Pedro Rebocho w sezonie 2022/2023 lepsze mecze przeplatał z gorszymi, ale potrafił wyłączyć z gry m.in. prawego pomocnika Villarrealu i reprezentanta Hiszpanii, Yeremiego Pino czy przy Bułgarskiej czołowego skrzydłowego Ligi Konferencji 2022/2023, Joela Asoro z Djurgarden Sztokholm. Sam Elias Andersson w pierwszym meczu z Lechem Poznań nie zagrał, wystąpił w rewanżu na Tele2 Arenie spisując się wówczas fatalnie (82 minuty + żółta kartka).
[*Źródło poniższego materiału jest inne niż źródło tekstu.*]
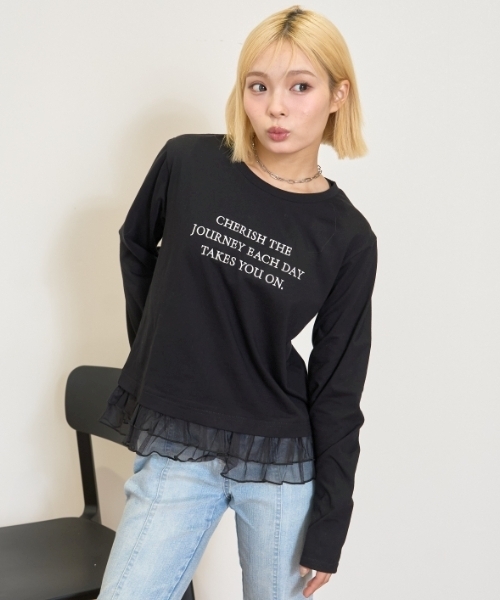 LOVETOXIC（ラブトキシック）の「チュールペプラム長袖Tシャツ（Tシャツ/カットソー・キッズ・オフホワイト/トップグレー/ブラック・S:140cm/M:150cm/L:160cm/130cm）」の2枚目の写真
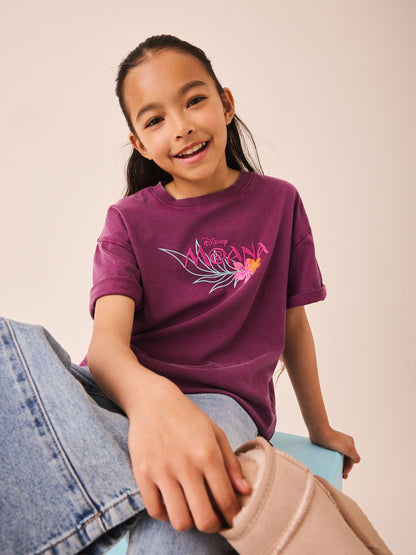 Dsiney Kidz - Purple Disney Moana Oversized Graphic T-Shirt (3-16yrs) image 3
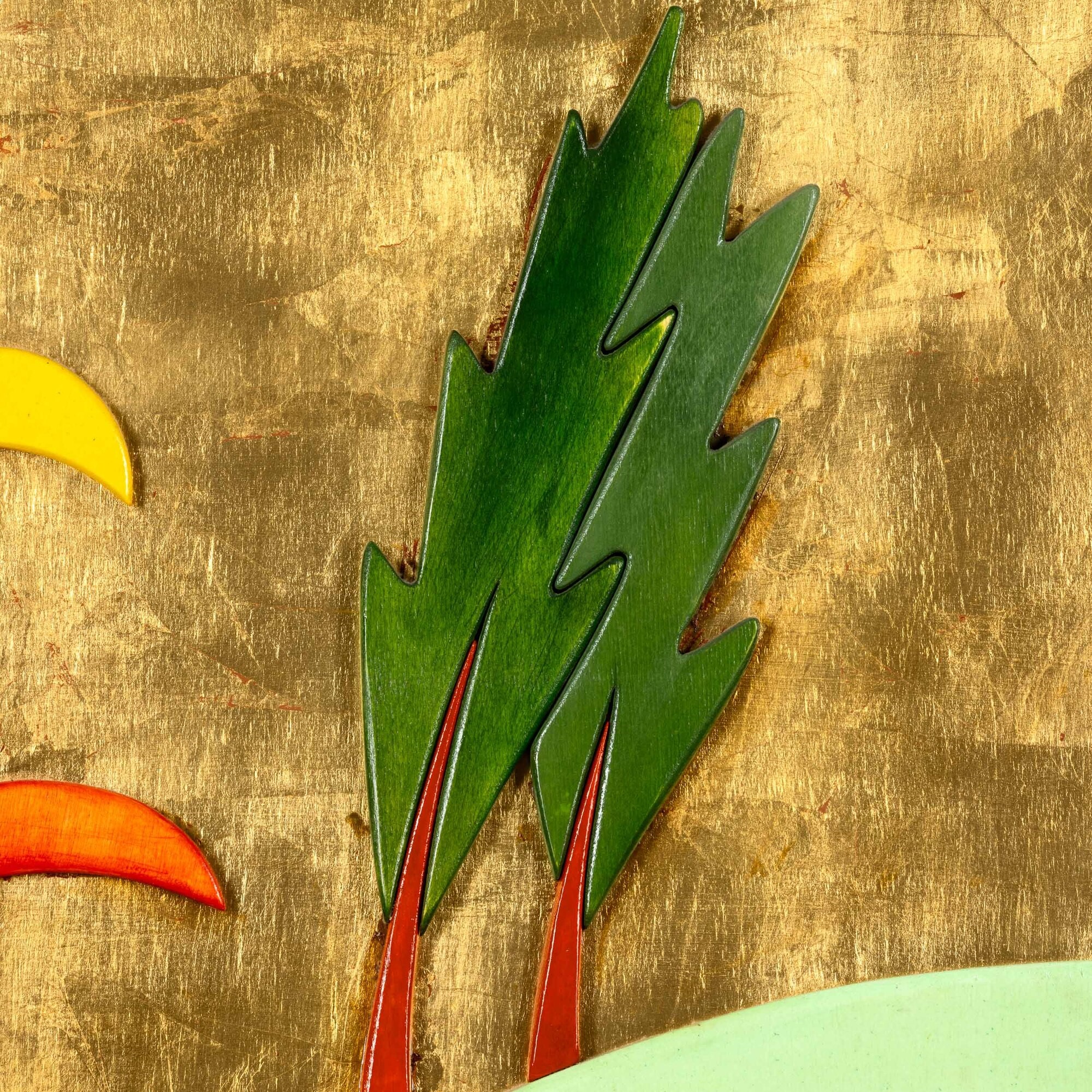 Massimo Sansavini - Fuochino - olio su tavola con applicazioni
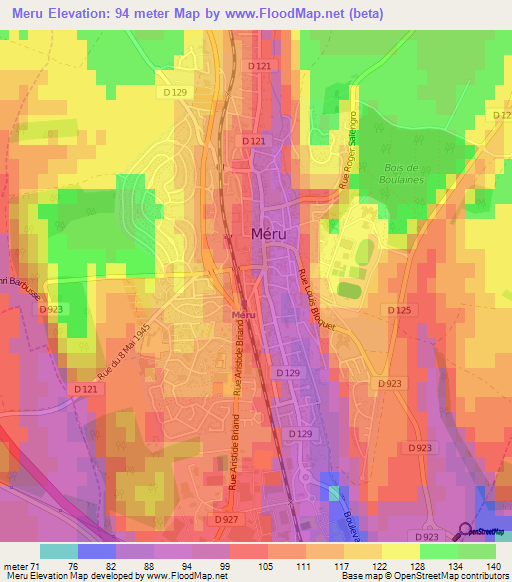 Meru,France Elevation Map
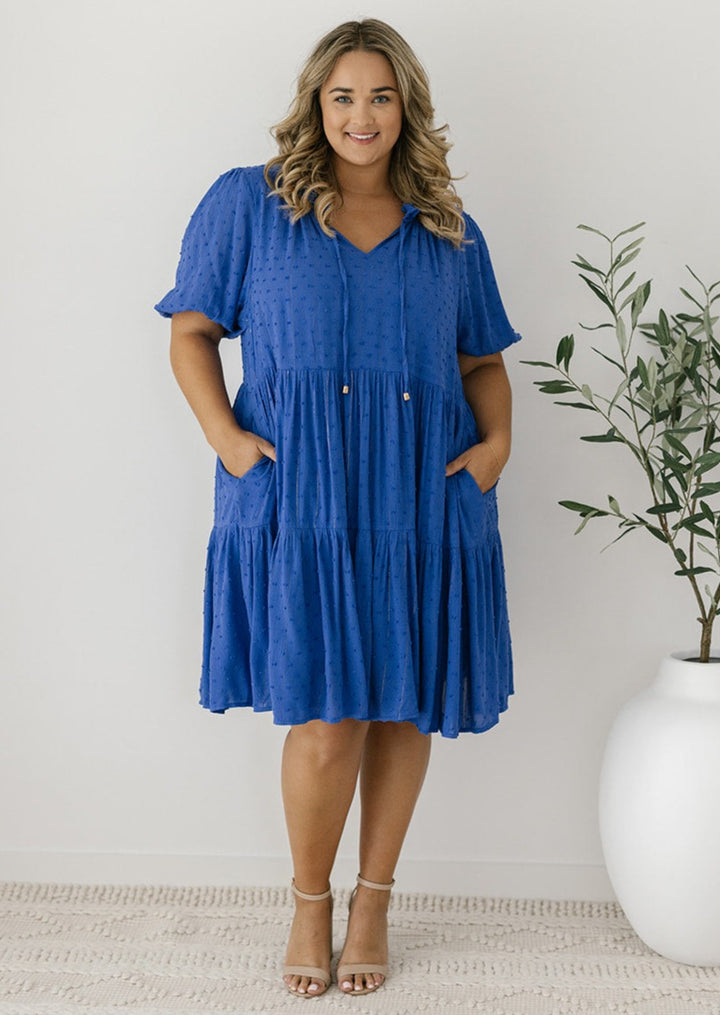 cobalt blue knee-length bump-friendly smock dress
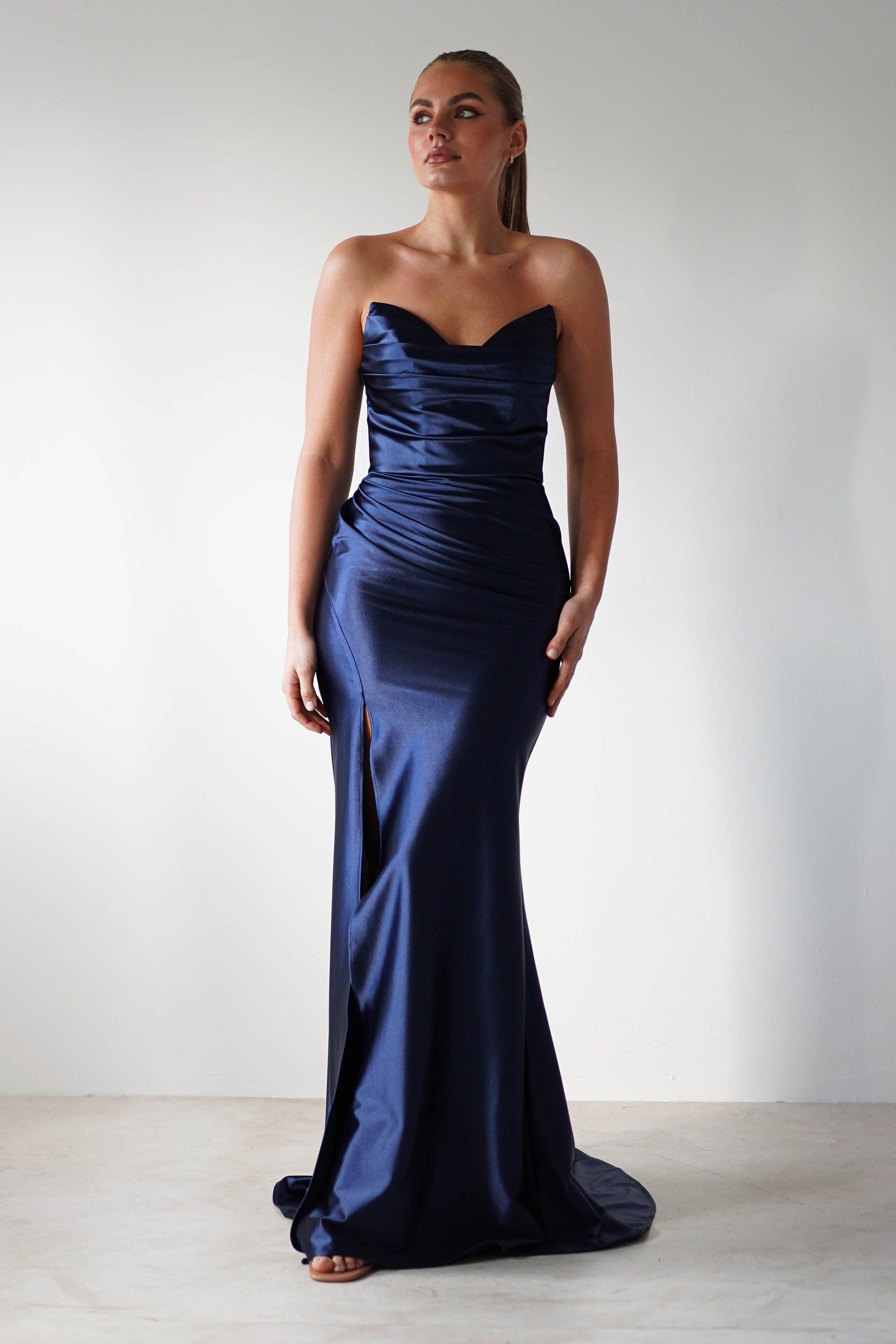 Venice Strapless Bodycon Gown | Navy - Oh Hello Clothing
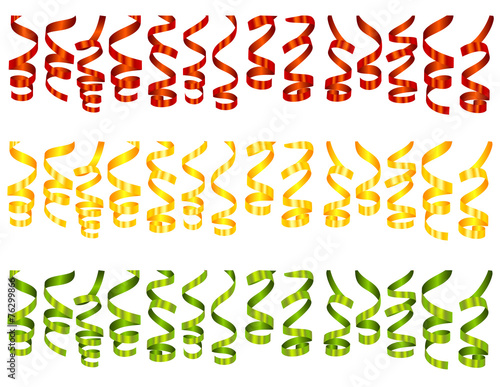 Set of serpentine banners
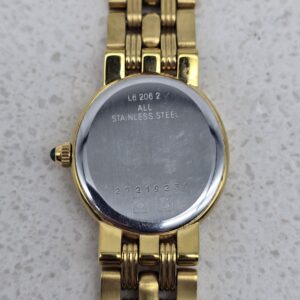 LONGINES - złoty zegarek vintage na bransolecie zbliżenie na tył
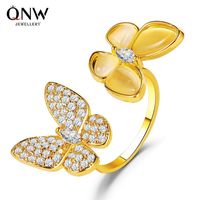 Exaggerated White Pearl Butterfly  Fashion Adjustable Opening Ring Wholesale main image 1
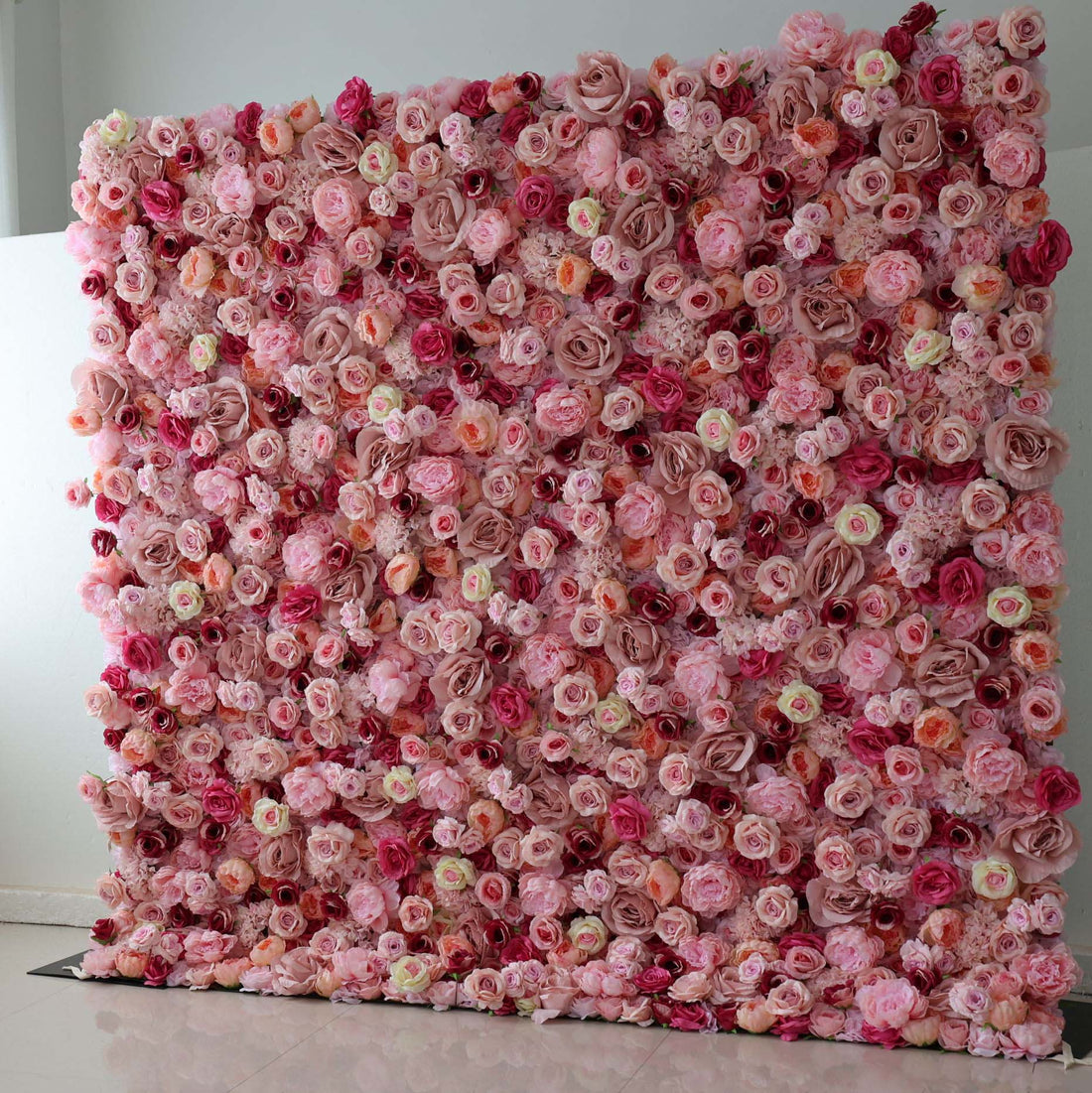 Valar Flowers Roll Up Fabric Artificial Flower Wall Wedding Backdrop, Floral Party Decor, Event Photography-VF-296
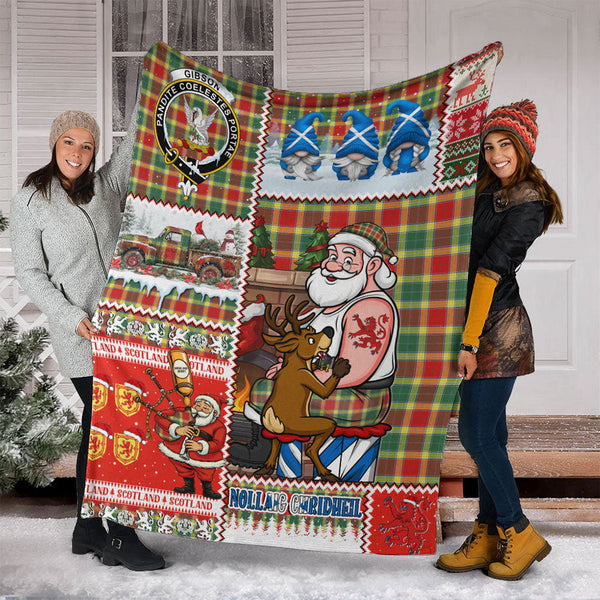 Gibson (Gibbs) Modern Clan Badge Tartan Blanket Scotland Santa Tattoo Christmas Comic Patchwork Style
Elias Andersson w meczu ze Spartakiem
null

27-latek szybko zadebiutował w niebiesko-białych barwach zasadzając Barrego Douglasa na ławkę rezerwowych zaraz po przyjściu. Szwed od razu dał się poznać jako boczny obrońca dysponujący niezłym, miękkim dośrodkowaniem oraz dobrym długim zagraniem, po którym zaliczył asystę w meczu z Żalgirisem Kowno. Lewonożny obrońca początkowo nieźle był oceniany przez kibiców, bardziej był oceniany za to, co pokazywał z przodu. Im dalej w sezon, tym oceny są niższe, już starcie z Zagłębiem Lubin pokazało duże problemy Szweda w defensywie, od tamtej pory jest coraz gorzej.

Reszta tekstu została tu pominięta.